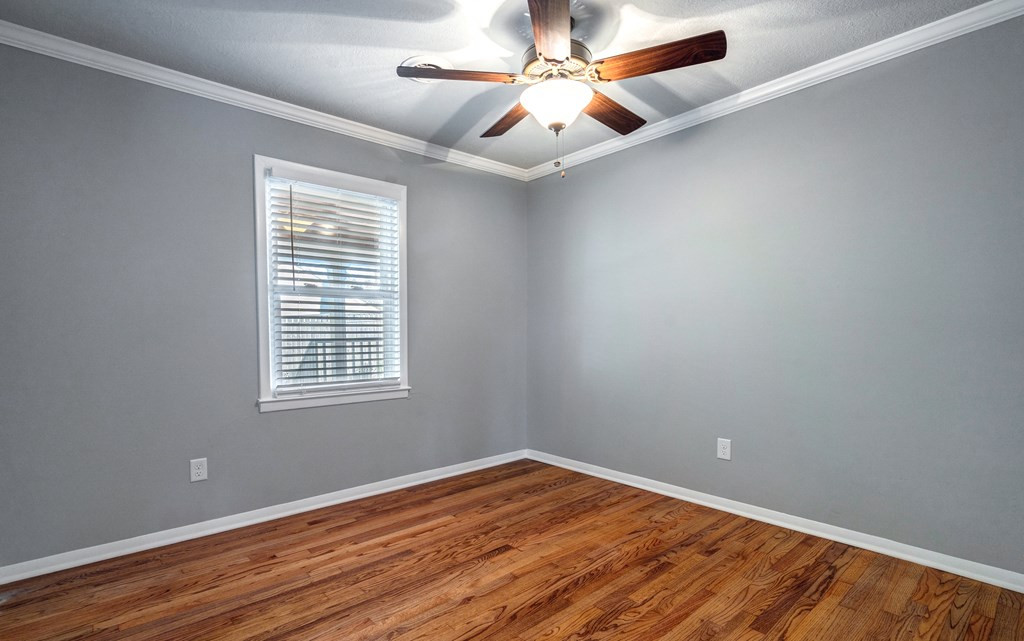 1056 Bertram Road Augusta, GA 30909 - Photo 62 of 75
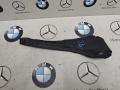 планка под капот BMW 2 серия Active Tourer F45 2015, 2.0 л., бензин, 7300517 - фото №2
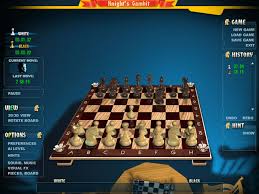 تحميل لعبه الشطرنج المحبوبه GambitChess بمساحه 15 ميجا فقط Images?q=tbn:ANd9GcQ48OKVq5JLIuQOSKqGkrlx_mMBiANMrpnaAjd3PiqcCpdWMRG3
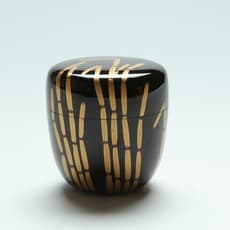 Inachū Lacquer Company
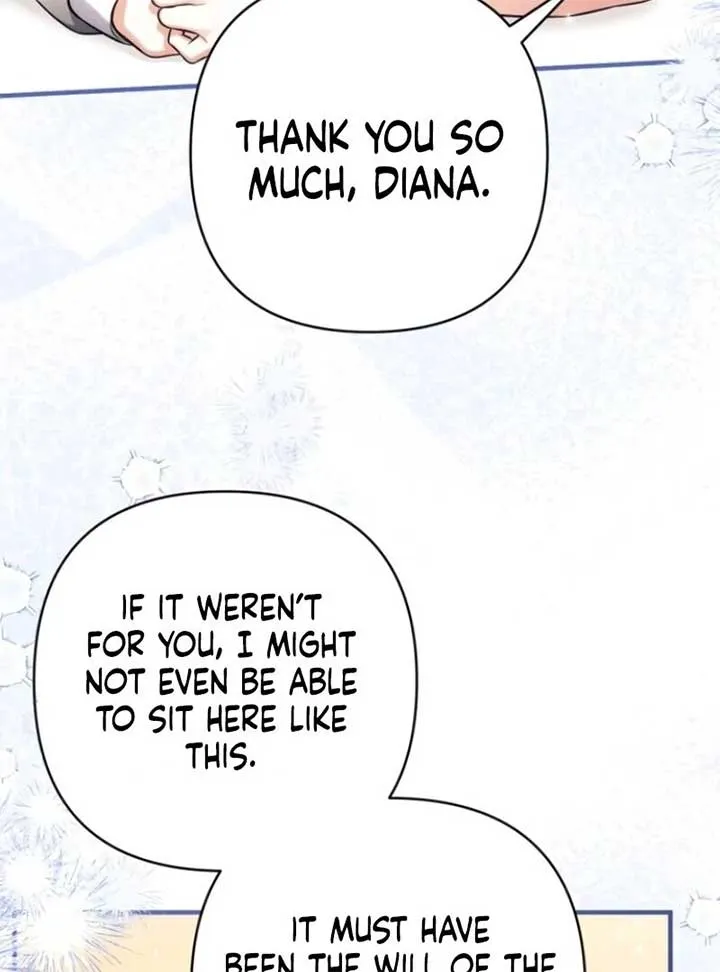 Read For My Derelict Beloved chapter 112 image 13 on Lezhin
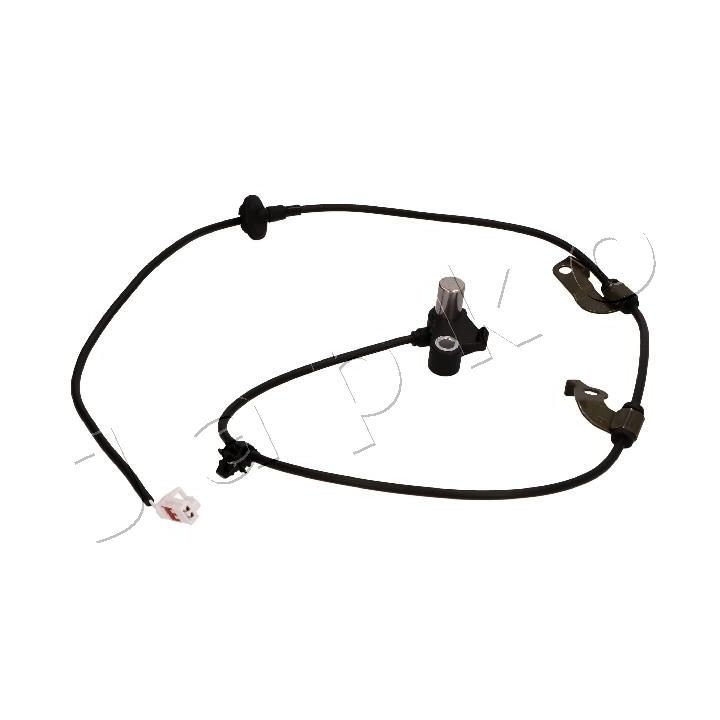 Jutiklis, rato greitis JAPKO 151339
........
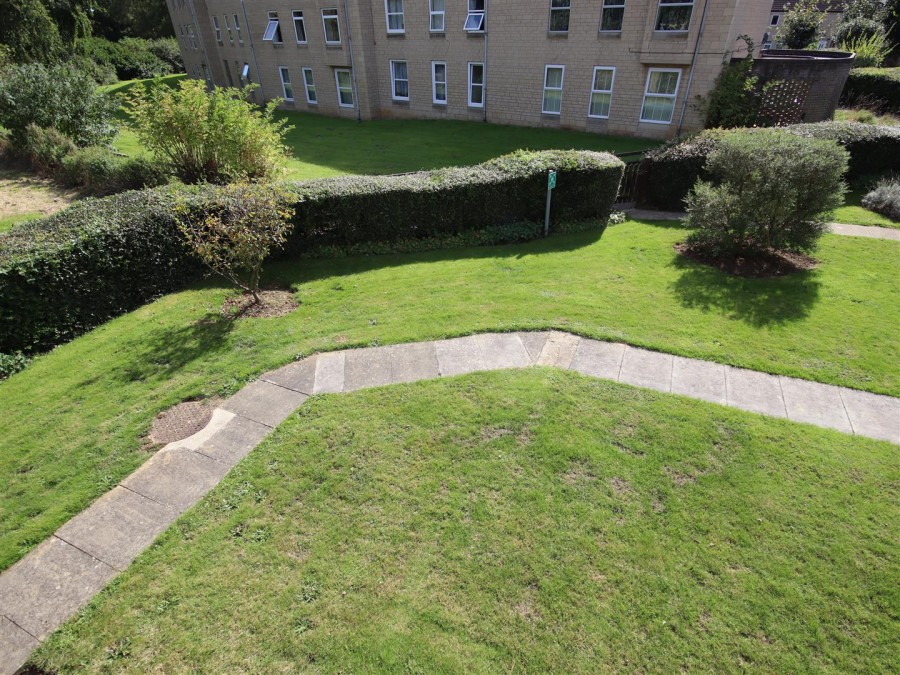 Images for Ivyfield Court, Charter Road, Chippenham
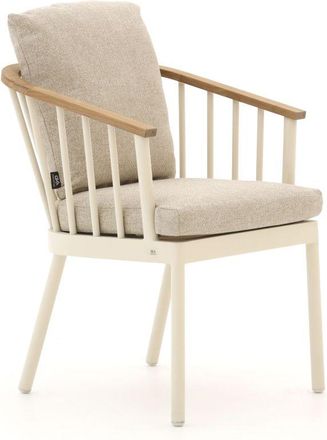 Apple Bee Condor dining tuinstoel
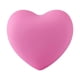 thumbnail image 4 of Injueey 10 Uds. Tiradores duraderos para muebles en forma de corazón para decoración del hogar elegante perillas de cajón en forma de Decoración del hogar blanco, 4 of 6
........
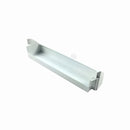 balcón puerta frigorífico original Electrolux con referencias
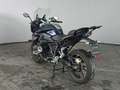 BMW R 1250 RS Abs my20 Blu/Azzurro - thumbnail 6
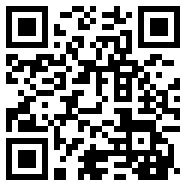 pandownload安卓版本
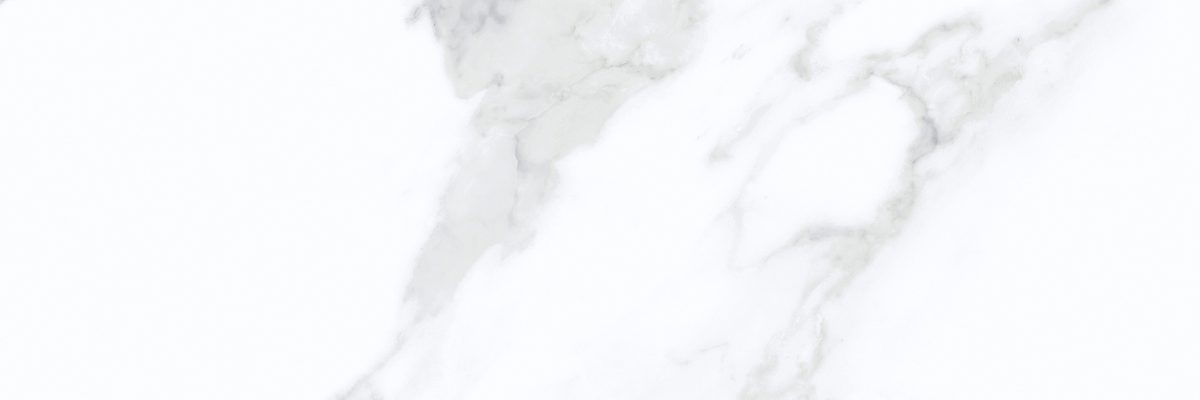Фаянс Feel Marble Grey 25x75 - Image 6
........
__Exercise aim__. Return the material from the line containing "1056 Bertram Road" through the line containing "Jutiklis, rato greitis JAPKO 151339", exactly and in full, but without its pictures.

__Solution__.
 1056 Bertram Road Augusta, GA 30909 - Photo 62 of 75
 планка под капот BMW 2 серия Active Tourer F45 2015, 2.0 л., бензин, 7300517 - фото №2
 تحميل لعبه الشطرنج المحبوبه GambitChess بمساحه 15 ميجا فقط Images?q=tbn:ANd9GcQ48OKVq5JLIuQOSKqGkrlx_mMBiANMrpnaAjd3PiqcCpdWMRG3
 Inachū Lacquer Company
 Read For My Derelict Beloved chapter 112 image 13 on Lezhin
 Jutiklis, rato greitis JAPKO 151339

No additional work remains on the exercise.